Some of the crosstalk between H₂S and NO may also be attributed to the effect of H₂S _n . The interaction of both molecules generates H₂S _n as well as HNO and HSSNO, which activate TRPA1 channels and induce vascular relaxation. Though it is debatable whether HNO or HSSNO is the effective molecule, H₂S _n has been shown to activate TRPA1 channels and relax vascular smooth muscle (Kimura et al. 2013; Eberhardt et al. 2014; Stubbert et al. 2014; Cortese-Knott et al. 2015). The production of H₂S _n by the interaction of H₂S with NO may provide a mechanism for the synergistic effect of H₂S and NO on vascular relaxation (Hosoki et al. 1997).
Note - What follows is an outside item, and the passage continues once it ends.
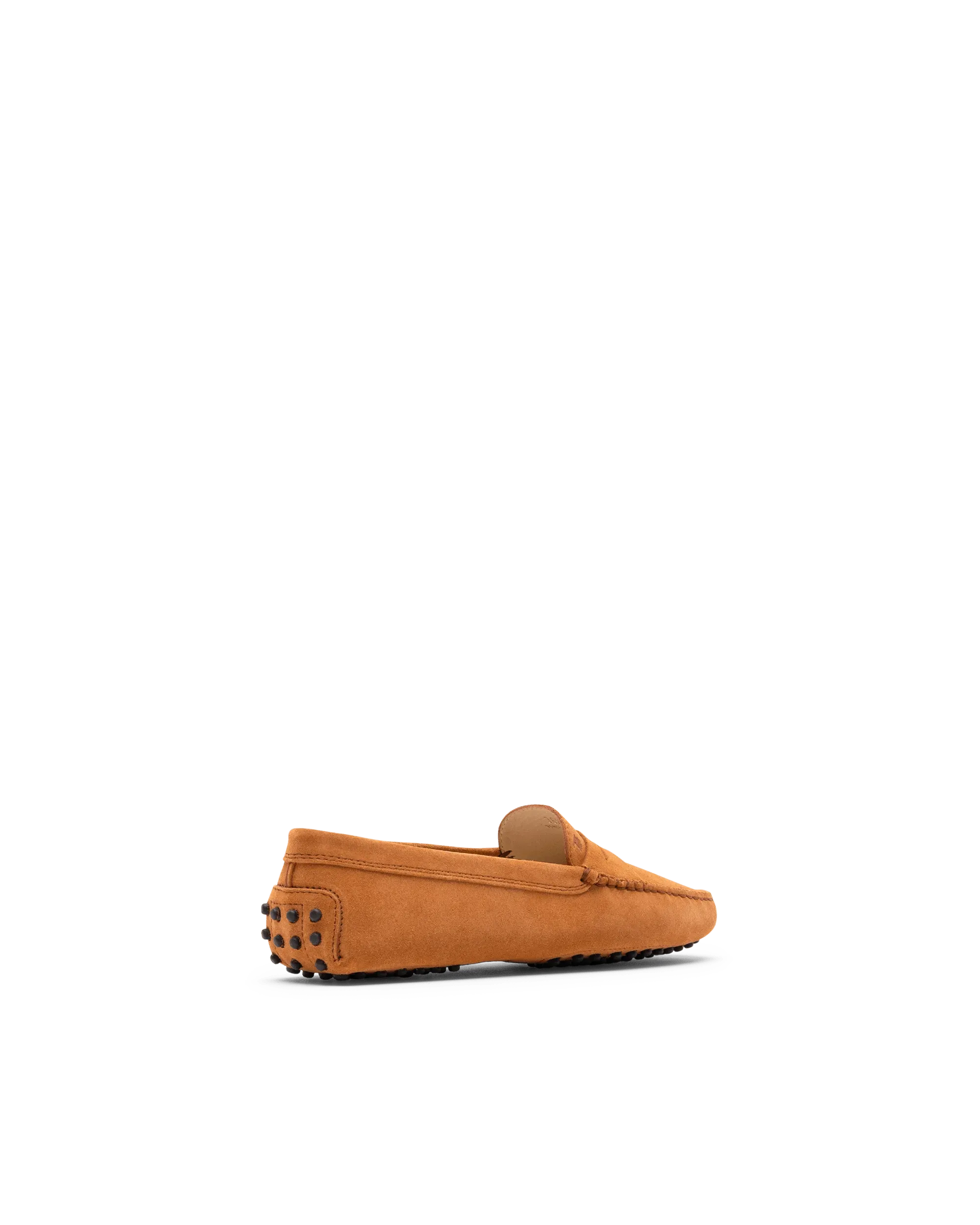 Premium Gommino Suede Loafers for Men - Comfortable Slip-On Driving Shoes for Business Casual & Travel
There are other forms of crosstalk between H₂S and NO: (1) H₂S facilitates the production and release of NO. Some cytoprotective effect of H₂S against ischemia–reperfusion injury of the heart was found to be mediated by NO released from eNOS activated by H₂S (Minamishima et al. 2009; King et al. 2014). (2) NO enhances the production of H₂S. An NO donor, nitroprusside increases H₂S production in the thoracic aorta (Zhao et al. 2001). (3) NO upregulates the transcription of H₂S-producing enzyme. An NO donor, S-nitroso-N-acetyl-dl-penicillamine enhances the transcription of CSE (Zhao et al. 2001).

Since its identification, H₂S _n , which is produced by 3MST and also generated by the interaction between H₂S and NO, is thought to be a potential signaling molecule that activates channels, relaxes smooth muscle, and regulates the activity of a tumor suppressor and transcription factors (Kimura et al. 2013, 2015; Greiner et al. 2013; Koike et al. 2013; Eberhardt et al. 2014; Stubbert et al. 2014; Cortese-Knott et al.2015). Although the physiological stimulations that regulate the activity of 3MST have not been identified, it is known that the activity of CAT is regulated by Ca²⁺ (Mikami et al. 2011b). It would indeed be intriguing to know how the levels of H₂S _n are regulated.

The regulation of H₂S _n production by the interaction between H₂S and NO is even more complicated. H₂S production is regulated by the activity of its producing enzymes. CBS activity is enhanced by S-adenosylmethionine and glutathionylation (Abe and Kimura 1996; Chen et al. 2004; Niu et al. 2015), whereas it is suppressed by NO and CO (Taoka and Banerjee 2001; Morikawa et al. 2012). The activity of CSE and CAT is suppressed by Ca²⁺, whereas NO production is activated by Ca²⁺/calmodulin (Bredt and Snyder 1990; Mikami et al. 2011b, 2013). Notably, responses previously thought to be induced by NO alone can also be induced by H₂S together with NO. It is necessary to understand how the interaction between H₂S and NO is regulated under physiological conditions. By addressing these problems, physiological roles and therapeutic potential of H₂S, H₂S _n , and NO will be clarified.